Rear Window

Hitchcock's 1954 classic restored.

OVERINTERPRETATION SINKS some films, while others bear the weight of critical exegesis without strain. Hitchcock’s 1954 masterwork Rear Window seems strengthened by the amount of cinema scholarship it has inspired, yet it’s the painstaking two-year restoration job by Robert A. Harris and James C. Katz that really reawakens your eyes—and ears—to the movie’s underlying story. Yes, it must first be acknowledged that Jimmy Stewart’s character is a voyeur, cooped up in his New York City apartment with a broken leg, staring through his neighbors’ windows as we do at the movie screen. Books have been written about his implicitly spectatorial position, the probing power of his gaze, and the violent moment of rupture when that gaze is finally met by that of the neighbor he suspects of murder—and let’s not even start with Lacan!


REAR WINDOW

directed by Alfred Hitchcock

with Grace Kelly and Jimmy Stewart

runs February 18-March 2 at Egyptian


Instead, let’s consider Rear Window, the love story. L.B. Jeffries (Stewart) is being doted on by his society girlfriend Lisa Fremont (Grace Kelly), who he rebuffs with casual disdain. “If she was only ordinary,” he complains, less of a Park Avenue princess and more of a rough-and-ready companion for his globetrotting photojournalism work. Confronted with one perfect male fantasy figure, he constructs another as her rival. What’s poor Kelly to do? Their tension naturally anticipates Vertigo (1958), where Stewart’s much darker character would literally remake Kim Novak into his dream girl. Here, however, the heroine is more than up to the challenge of her recalcitrant beau.

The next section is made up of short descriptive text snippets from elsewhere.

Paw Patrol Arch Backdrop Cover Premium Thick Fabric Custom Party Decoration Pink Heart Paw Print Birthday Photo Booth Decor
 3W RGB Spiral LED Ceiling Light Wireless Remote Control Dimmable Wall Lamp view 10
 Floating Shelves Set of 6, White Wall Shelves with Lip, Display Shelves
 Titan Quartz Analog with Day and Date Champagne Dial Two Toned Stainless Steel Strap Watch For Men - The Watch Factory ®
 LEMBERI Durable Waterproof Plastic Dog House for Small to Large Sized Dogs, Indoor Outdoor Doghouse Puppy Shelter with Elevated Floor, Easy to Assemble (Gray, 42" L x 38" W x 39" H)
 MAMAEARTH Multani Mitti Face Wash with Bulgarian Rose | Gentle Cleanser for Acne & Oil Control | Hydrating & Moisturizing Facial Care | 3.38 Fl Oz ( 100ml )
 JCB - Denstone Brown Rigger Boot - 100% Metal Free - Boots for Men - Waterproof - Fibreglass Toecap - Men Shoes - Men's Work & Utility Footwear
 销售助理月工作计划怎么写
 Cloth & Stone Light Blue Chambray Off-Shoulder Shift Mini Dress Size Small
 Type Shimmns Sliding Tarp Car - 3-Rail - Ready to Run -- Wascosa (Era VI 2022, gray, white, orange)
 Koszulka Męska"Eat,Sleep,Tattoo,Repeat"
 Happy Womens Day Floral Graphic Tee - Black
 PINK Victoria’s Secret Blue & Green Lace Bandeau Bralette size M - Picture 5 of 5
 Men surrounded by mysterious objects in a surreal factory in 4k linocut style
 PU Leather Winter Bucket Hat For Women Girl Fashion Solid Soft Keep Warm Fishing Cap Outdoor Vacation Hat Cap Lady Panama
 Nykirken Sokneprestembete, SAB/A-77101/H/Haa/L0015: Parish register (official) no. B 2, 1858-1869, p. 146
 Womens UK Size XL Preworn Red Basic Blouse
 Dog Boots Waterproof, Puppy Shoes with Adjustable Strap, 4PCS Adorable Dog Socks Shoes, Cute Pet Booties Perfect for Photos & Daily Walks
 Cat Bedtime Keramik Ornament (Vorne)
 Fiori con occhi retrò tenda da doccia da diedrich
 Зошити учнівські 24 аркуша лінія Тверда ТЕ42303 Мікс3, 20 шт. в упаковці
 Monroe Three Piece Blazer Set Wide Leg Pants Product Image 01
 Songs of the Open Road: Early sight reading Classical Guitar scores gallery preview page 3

Rear Window is in many ways Kelly’s movie. She’s the one pursuing her man. She’s the one who ends up doing the legwork for his amateur sleuthing. She’s the one who climbs a fire escape into the murderer’s apartment. Meanwhile, Stewart just watches.

His passivity and powerlessness have obvious symbolic import, and a lesser movie might finally grant him some final moment of masculine redemption. Instead, what Hitchcock has in mind—apart from the expertly constructed crime story—is how Kelly’s character remakes herself into a woman of action, thereby increasing her allure. Stewart’s famous reaction shot at her return from a triumphant mission says it all.

The Harris-Katz restoration helps clarify this and many other narrative details. Now, you’re more aware of Stewart’s neighbors’ background singing of “Mona Lisa”—the perfect melody for his discontent with Kelly’s perfection. Indeed, all the neighbors’ courtyard stories-within-a-story have been enhanced (and all comment directly on the romance). Renovated frame by frame, Rear Window is virtually a new movie. A few shots couldn’t be recovered from their original negative, but in one—where Kelly breathtakingly looms in profile to deliver a kiss to the slumbering Stewart—you can now truly hear the impact of her lips, and feel its reverberations to this day.